Stop Asian Hate

Prosecution of hate crimes also rising at steady pace

By Gilda Balan, Correspondent

 
SAN FRANCISCO – If hate crimes across California continue to rise at a brisk pace in recent times, especially in the last three years, the prosecution of those who committed those crimes can also be said to have gone up steadily, albeit not necessarily at the same rate.

The 2022 annual hate crime report for the State of California stated that in the last 10 years hate crime events have risen by 145.7 percent (see last week’s issue).

The prosecution of those crimes, however, does not follow the same trajectory. The data from the latest period shows why.

For better or for worse, the number of hate crimes referred for prosecution “increased 5.9 percent from 611 in 2021 to 647 in 2022, according to the report.

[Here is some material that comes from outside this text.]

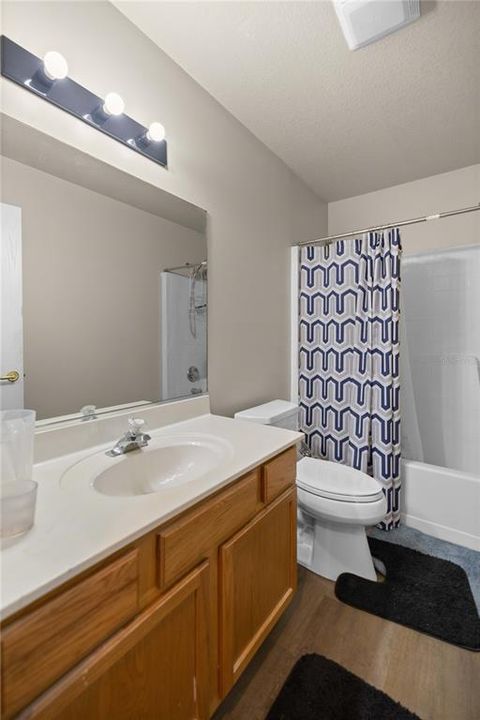 For Sale: $289,900 (2 beds, 2 baths, 1926 Square Feet)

Of that 647 incidents referred for prosecution, 456 cases were filed by district attorneys and elected city attorneys for prosecution. And of this lesser number, 282 were filed as hate crimes while 174 were filed as “non-bias motivated crimes.” In other words, they were seemingly downgraded, possibly because hate crimes being federal in nature are harder to prove. This does not mean that no crime was committed, only that what seemed to be hate crimes are actually considered as ordinary crimes or misdemeanors, as the case may be.

Only 122 cases with a disposition were available for the report, and the results show that the wheels of justice are turning, albeit not always perfectly.

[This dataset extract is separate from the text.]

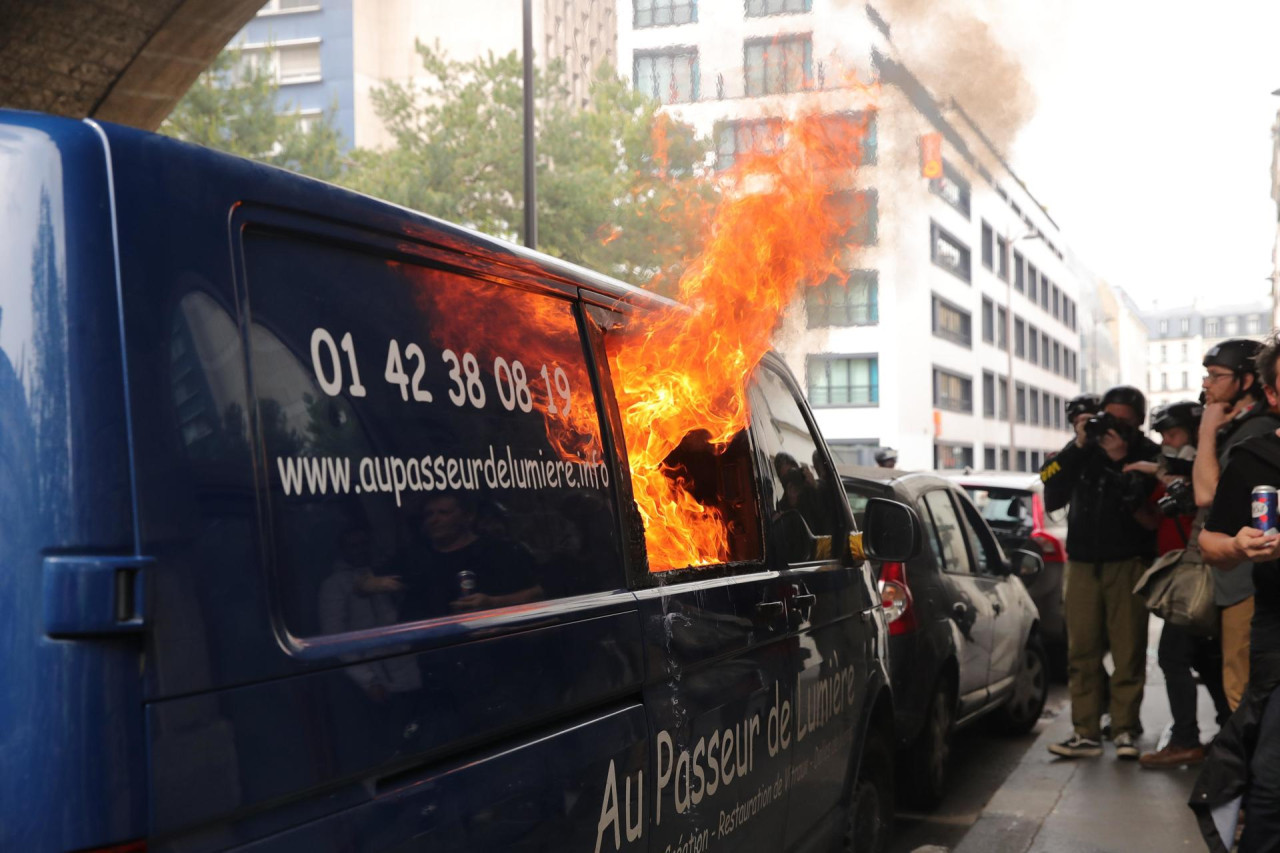 Protestas en Francia por el Día del Trabajador. Foto: EFE.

Of this number, 43.4 percent or 53 cases resulted in hate crime convictions; 45.9 percent or 56 cases were for other non-hate crime convictions; and 10.7 percent of 13 were not convicted.

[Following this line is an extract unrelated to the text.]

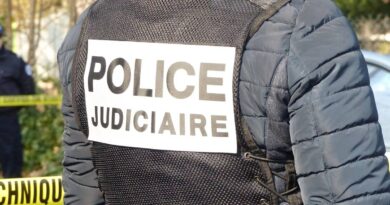 Paris : Une femme découverte décédée dans le hall de son immeuble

There is a reason why DAs and city attorneys may hesitate to file some crimes as hate crimes, instead of ordinary ones. The percentage of complaints filed compared to actual convictions is considered low.

For the past 10-year period from 2013 to 2022, there was no dramatic increase in the number of cases filed. The number of convictions is, therefore, also proportionately low.

For the first year on record, or in 2013, there were 196 cases filed, resulting in 144 convictions. This means that more than half of the cases filed resulted in the accused being convicted.

Although there were fluctuations in the years that followed, specifically from 2014 to 2017, more than half of those charged were convicted. In ctproportion was 173 to 96, and in 2017 it was 195 charged with 113 convicted.

Then for the next five years starting in 2018, there was a sharp fall in the number of convictions compared to the number charged.

The year 2019 was especially bad with only 82 of the 200 charged being convicted, or a lowly 41 percent batting average.

There was little improvement in the years that followed, with only 95 convictions out of 219 charged in 2020, followed by 109 convicted out of 285 charged in 2021, then 109 convicted out of 282 charged last year.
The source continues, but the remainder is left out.